IEMA's Acorn scheme has been in operation since 2004 and has guided hundreds of organisations of every size and sector through its phased approach to implementing an environmental management system (EMS)

Beam and D20 are two businesses that have been using the Acorn scheme. Here they describe the benefits the scheme brought them.


London-based graphic design consultancy Beam registered to the Acorn scheme in 2008 through inspection body NQA and is currently at phase I.

Why the Acorn scheme?

“We adopted the Acorn scheme because the decisions made in the planning and creative stage of a project can have a massive impact on how sustainable the process and final product will be.

“Following certain guidelines we have created our own working processes leading to more sustainable designs,” said Bream’s director, Christine Fent.

Sustainability Scorecard System

To calculate its overall environmental footprint for a design project, Beam has created a unique Sustainability Scorecard System. The system assesses a product’s impact against a three-point criterion, which takes into account its source, energy impact (during production) and disposal.

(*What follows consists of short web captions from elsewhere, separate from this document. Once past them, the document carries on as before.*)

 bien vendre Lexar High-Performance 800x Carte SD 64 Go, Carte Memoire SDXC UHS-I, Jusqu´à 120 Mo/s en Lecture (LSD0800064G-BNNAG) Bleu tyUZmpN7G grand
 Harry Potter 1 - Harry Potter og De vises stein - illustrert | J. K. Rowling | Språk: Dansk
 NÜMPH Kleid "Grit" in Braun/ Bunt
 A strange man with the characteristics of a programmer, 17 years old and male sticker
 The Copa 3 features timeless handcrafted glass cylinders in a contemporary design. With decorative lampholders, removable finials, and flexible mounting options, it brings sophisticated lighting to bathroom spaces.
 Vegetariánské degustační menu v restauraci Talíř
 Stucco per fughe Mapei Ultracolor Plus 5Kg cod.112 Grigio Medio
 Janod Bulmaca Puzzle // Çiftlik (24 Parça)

Using this simple measure allows Beam to choose the best and least harmful processes and materials.

Plans for the future

Beam plans to work its way to phase III when additional resource and time can be allocated.

It will continue to raise environmental awareness internally through “switchoff” campaigns and “green” days.

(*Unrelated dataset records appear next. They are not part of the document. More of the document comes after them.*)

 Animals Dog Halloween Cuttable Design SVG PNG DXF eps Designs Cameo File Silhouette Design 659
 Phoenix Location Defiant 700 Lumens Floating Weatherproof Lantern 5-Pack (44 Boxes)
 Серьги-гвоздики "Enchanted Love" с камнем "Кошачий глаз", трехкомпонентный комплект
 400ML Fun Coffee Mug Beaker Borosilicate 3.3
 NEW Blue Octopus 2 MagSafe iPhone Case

D20 is a civil engineering contractor supplying earthwork and groundwork services to the construction industry.

Operating predominantly in southwest England, D20 works across industrial, commercial and local authority projects.

Why the Acorn scheme?

Prior to joining the Acorn scheme, D20 had a range of environmental procedures in place. To achieve more formal recognition and to boost its environmental profile, D20 registered to the scheme in 2010 through inspectors AJA registrars.

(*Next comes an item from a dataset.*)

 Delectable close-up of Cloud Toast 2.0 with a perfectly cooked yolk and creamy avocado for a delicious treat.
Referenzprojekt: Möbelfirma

“The decision to implement a formal EMS was straightforward as we could see the long-term benefits to our business,” said operations manager, Tom Reeves.

D20 also found the staged audit process a worthwhile experience. “Being audited in stages allows you to have confidence that you are heading in the correct direction. The auditor would give helpful feedback to focus our attention on what areas of the system needed improving” said Reeves.

Drivers and achievements

In joining Acorn D20 wanted to address:

  • Waste disposal – D20 handles large amounts of hazardous and nonhazardous waste. The firm wanted a system in place to ensure safe disposal and compliance with regulation.
  • Recycling – A system for ensuring used materials and products are recycled where possible to avoid prosecution and reduce rising landfill costs.
  • Conservation – D20 wanted a system to mitigate any potential impacts its projects could have on habitat species.

Now the organisation has been certified to phase III, D20 has been able to tackle such challenges.

Plans for the future

  • To look deeper into its supply chain and at options for using the most sustainable materials on the market.
  • Explore strategies to further reduce waste going to landfill.
  • Start the journey to achieving 14001.